**Provided records:**
◆ ◆ ◆ ◆ ◆ ◆ ◆

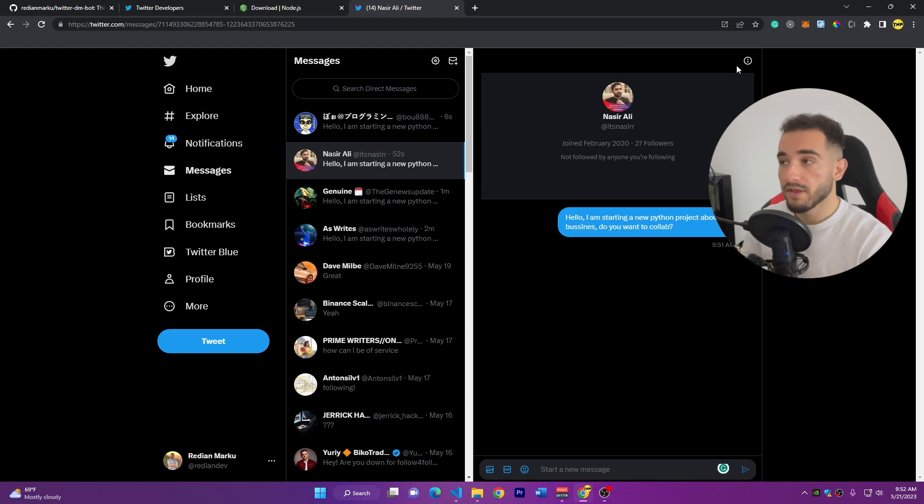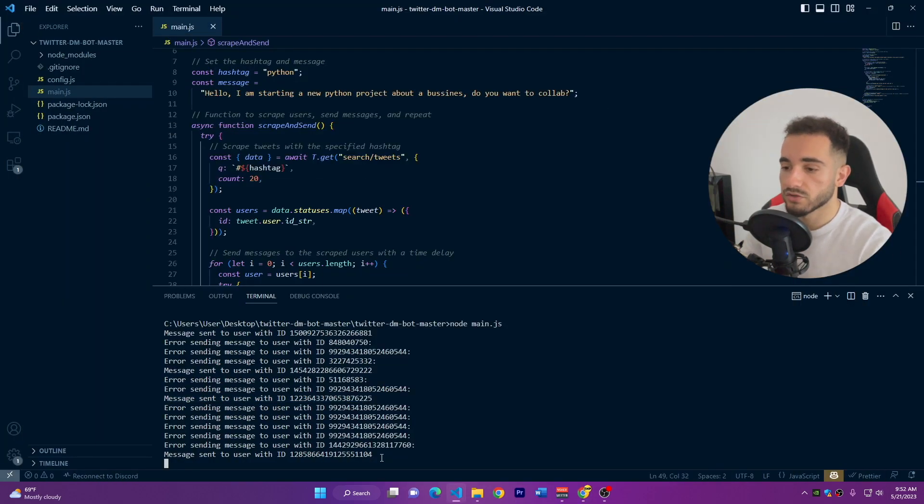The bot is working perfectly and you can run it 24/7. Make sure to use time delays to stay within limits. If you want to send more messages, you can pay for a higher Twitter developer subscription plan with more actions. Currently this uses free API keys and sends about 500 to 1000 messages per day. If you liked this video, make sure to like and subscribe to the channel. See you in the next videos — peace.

◆ ◆ ◆ ◆ ◆ ◆ ◆

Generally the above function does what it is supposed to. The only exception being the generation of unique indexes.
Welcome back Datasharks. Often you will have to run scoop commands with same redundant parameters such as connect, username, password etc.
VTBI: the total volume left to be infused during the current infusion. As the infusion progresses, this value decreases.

◆ ◆ ◆ ◆ ◆ ◆ ◆

**Work instruction:**
Restate word for word the entries above, starting at the line with "Generally the above" and ending at the line with "VTBI: the total", inclusive, and no others.

**Answer below:**
Generally the above function does what it is supposed to. The only exception being the generation of unique indexes.
Welcome back Datasharks. Often you will have to run scoop commands with same redundant parameters such as connect, username, password etc.
VTBI: the total volume left to be infused during the current infusion. As the infusion progresses, this value decreases.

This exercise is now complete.